X-RateLimit-ResetUnix timestamp (seconds) when the bucket refills.
429 responses additionally include Retry-After — the number of seconds until the next request will succeed.

Handling 429

A 429 response looks like:
HTTP/1.1 429 Too Many Requests
Retry-After: 23
X-RateLimit-Pool: write
X-RateLimit-Limit: 60
X-RateLimit-Remaining: 0
X-RateLimit-Reset: 1747920000
Content-Type: application/json

{
  "error": {
    "code": "rate_limit.exceeded",
    "category": "rate_limited",
    "message": "Rate limit exceeded."
  }
}
Recommended client behavior:
  1. Sleep for Retry-After seconds. This is the shortest interval that guarantees the next request lands after a refill.
  2. Retry the same request.

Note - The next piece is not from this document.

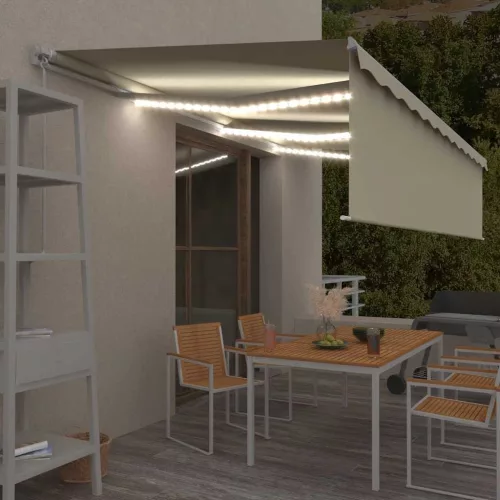vidaXL krémszínű kihúzható LED-es napellenző redőnnyel 6 x 3 m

The original was rejected before doing any work — it is safe to repeat, including POST and DELETE.
  3. Back off if you hit 429 repeatedly. Multiple consecutive limit hits usually mean you are exceeding the pool’s steady-state capacity, not just bursting. Add a backoff multiplier on top of Retry-After.

Staying under the limit

  • Watch X-RateLimit-Remaining. When it dips below 10% of the limit, slow down before you hit zero.
  • Cache reads. GET /me, agent state, and conversation lists rarely change second-to-second. Caching for even a few seconds cuts read traffic significantly.
  • Poll async jobs on a backoff. Start at 1 second, double up to 5 seconds. A tight poll loop burns read points for no benefit — the agent is not faster because you asked sooner.
  • Use streaming for long turns. Accept: text/event-stream on the message POST returns incremental tokens over one connection instead of N poll requests. See the changelog entry on async message jobs for the trade-offs.
  • Parallelize cautiously. Ten concurrent writers share the same 60-per- minute write pool. Coordinate at the worker level, not the request level.

Rate limiter unavailable

In the rare event the rate limiter store itself is down, the API returns 503 with system.rate_limit_unavailable. Treat this as a transient error and retry with backoff — the limiter is fail-closed by design.

Unauthenticated routes

GET /health, GET /openapi.json, and GET /openapi.yaml do not consume token points — they use a separate per-IP limiter intended for monitoring. Do not rely on these endpoints for application traffic.